Although this is the first functional single nucleotide polymorphism (SNP) found in the gene coding human tryptophan hydroxylase-2, Zhang and colleagues anticipated that others could be found for the same gene. They noted that more than 400 mutations have been found for a gene coding the closely related phenylalanine hydroxylase, which causes varying degrees of hyperphenylalaninemia.

Zhang and colleagues called for larger studies to confirm their findings and investigate further the inheritance and penetrance of this SNP in major depression. "It will also be of interest," they commented, "to test how this mutation may interact with other genetic alterations previously associated with depression."

Julio Licinio, M.D., from the Center for Pharmacogenomics and Clinical Pharmacology at the Neuropsychiatric Institute of the University of California, Los Angeles, and colleagues reported that individuals with high levels of depression and anxiety are more responsive to antidepressant medication if they carry a particular variant of the CRHR1 gene (Mol Psychiatry 2004;9[12]:1075-1082).

Their sample of 80 patients with depression were classified as having high or low anxiety and were treated with fluoxetine (Prozac) or desipramine (Norpramin) in double-blind format.

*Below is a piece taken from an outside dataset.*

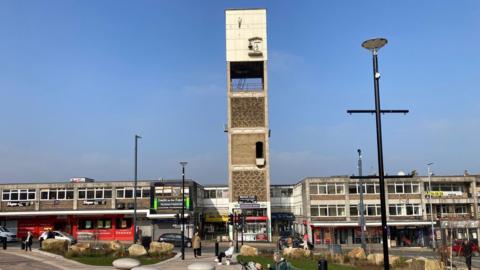 A six-storey concrete tower with a white-tiled clock face at the top 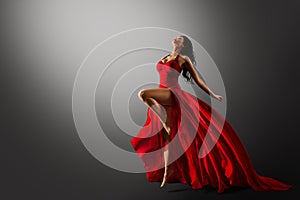 Dancer in Red Dress Jumping. Woman Ballerina Expressive Balance Dance Flying Fabric in Air. Fashion Model Dancing over Gray Studio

In those with high levels of anxiety and depression, homozygosity for one of four haplotypes of CRHR1 was associated with a 70% greater reduction in Hamilton Rating Scale for Anxiety (HAM-A) scores and 31% greater reduction in Hamilton Rating Scale for Depression (HAM-D) scores with either antidepressant compared to patients with similar symptom levels who were heterozygous for the haplotype. No association was found, however, between CRHR1 genotype and treatment response in patients with lower levels of symptom severity.

"The findings reported here represent a new line of evidence that further strengthen the concept that CRH has a role in depression and that CRHR1 is involved in antidepressant response," Licinio and colleagues commented.

Pharmacogenomic researchers are pursuing the possibility that there are common mechanisms for antidepressant effect that are activated after chronic treatment with monoaminergic drugs. Licinio and colleagues posited that the CRHR1 gene is part of such a mechanism, which could lead to CRH receptor antagonist antidepressant medications. "Importantly, these findings suggest that specific variants of the CRHR1 gene may influence the efficacy of CRHR1 agonists or antagonists," they remarked.

A genomic pathway to manifestations of depression or mechanisms of antidepressant effect, however, will be circuitous and splintered, and unlikely to encompass the disorder. In reflecting on their study of three generations, Weissman and colleagues offered this caution to researchers: "Because parents may provide both high-risk genes and a high-risk rearing environment, disentangling psychosocial and biological factors mediating the transmission of risk across generations is a challenge."